Requirement:
Below is a listing; retype exactly the lines between the one containing "Apartamento com 3" and the one containing "Velcro Magnetic Watch Strap", inclusive, minus the pictures.

Given records Start Marker

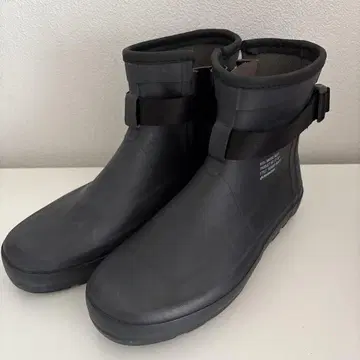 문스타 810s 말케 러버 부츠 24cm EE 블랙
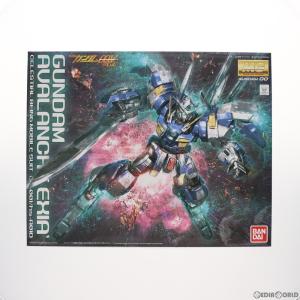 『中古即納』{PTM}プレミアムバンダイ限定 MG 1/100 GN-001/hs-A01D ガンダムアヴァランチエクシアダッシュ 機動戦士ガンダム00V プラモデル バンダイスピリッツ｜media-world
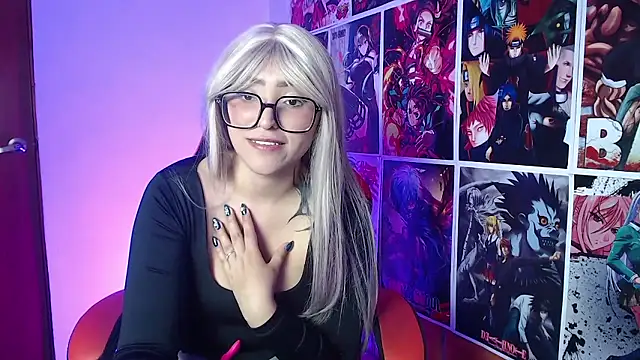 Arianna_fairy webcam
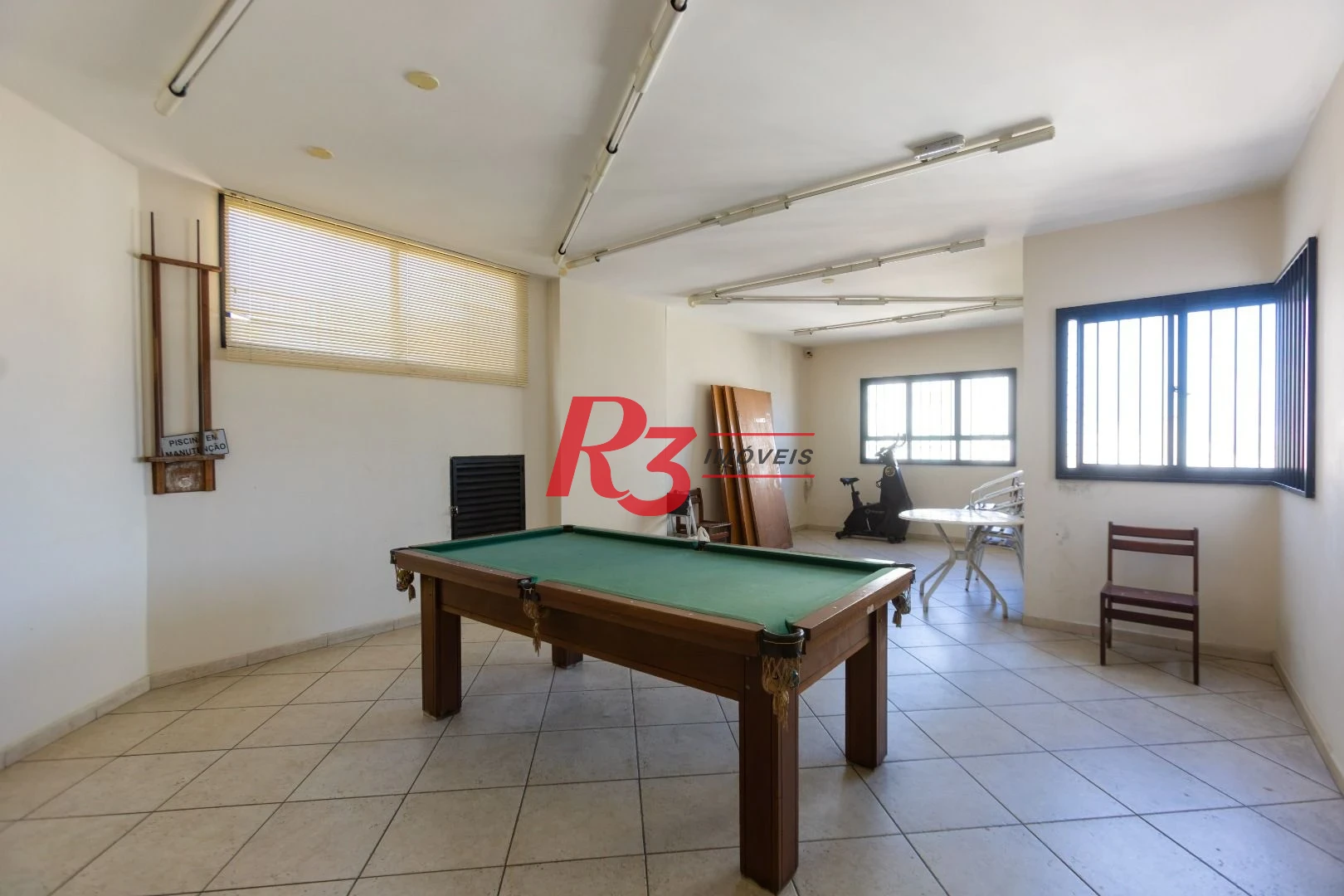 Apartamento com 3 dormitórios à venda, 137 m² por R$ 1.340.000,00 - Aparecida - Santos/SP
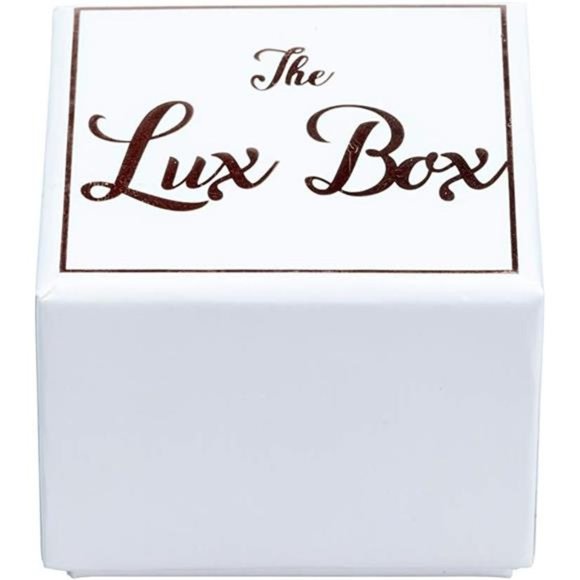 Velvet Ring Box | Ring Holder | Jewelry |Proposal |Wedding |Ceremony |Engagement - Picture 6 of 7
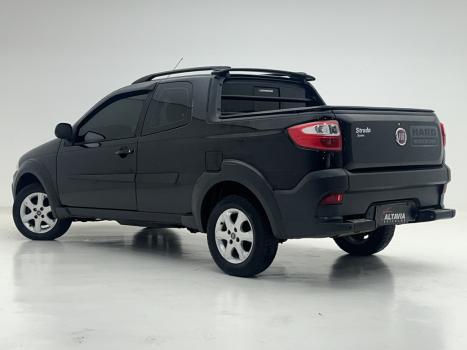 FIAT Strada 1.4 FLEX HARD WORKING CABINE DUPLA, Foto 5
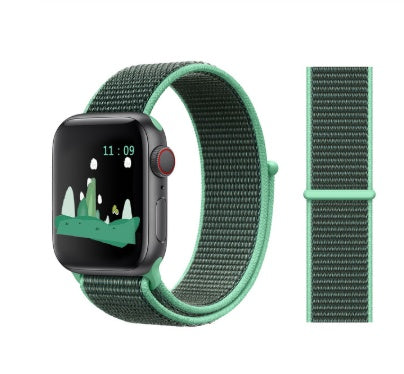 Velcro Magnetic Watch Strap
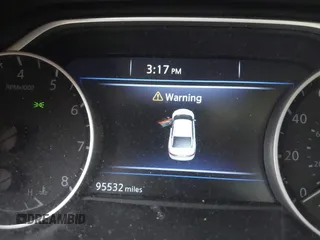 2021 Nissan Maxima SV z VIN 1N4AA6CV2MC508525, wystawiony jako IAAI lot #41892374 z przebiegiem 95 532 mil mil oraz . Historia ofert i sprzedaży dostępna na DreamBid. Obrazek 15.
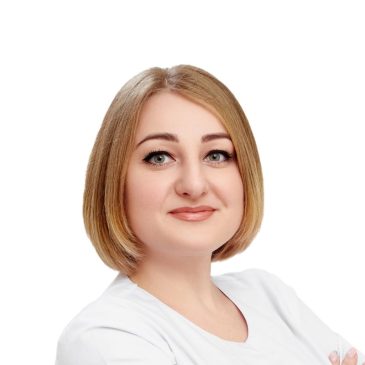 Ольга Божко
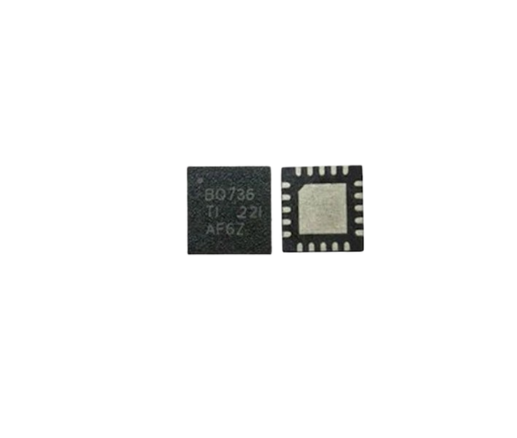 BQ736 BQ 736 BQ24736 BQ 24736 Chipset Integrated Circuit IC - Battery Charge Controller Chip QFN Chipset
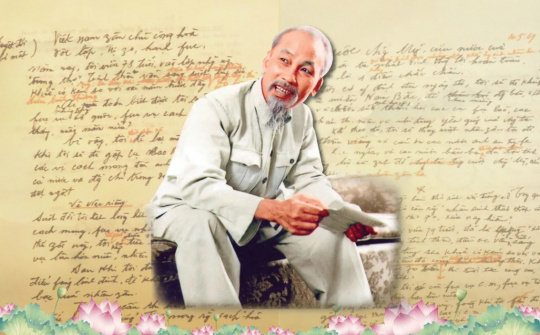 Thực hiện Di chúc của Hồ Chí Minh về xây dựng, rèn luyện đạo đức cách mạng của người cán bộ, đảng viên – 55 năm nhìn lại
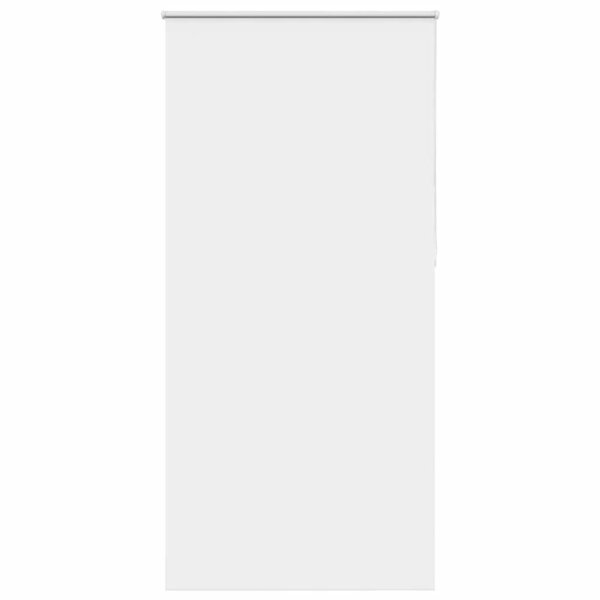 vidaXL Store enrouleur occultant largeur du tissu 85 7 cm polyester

Given records End Marker

Final answer:
 Apartamento com 3 dormitórios à venda, 137 m² por R$ 1.340.000,00 - Aparecida - Santos/SP
 Velvet Ring Box | Ring Holder | Jewelry |Proposal |Wedding |Ceremony |Engagement - Picture 6 of 7
 FIAT Strada 1.4 FLEX HARD WORKING CABINE DUPLA, Foto 5
 Velcro Magnetic Watch Strap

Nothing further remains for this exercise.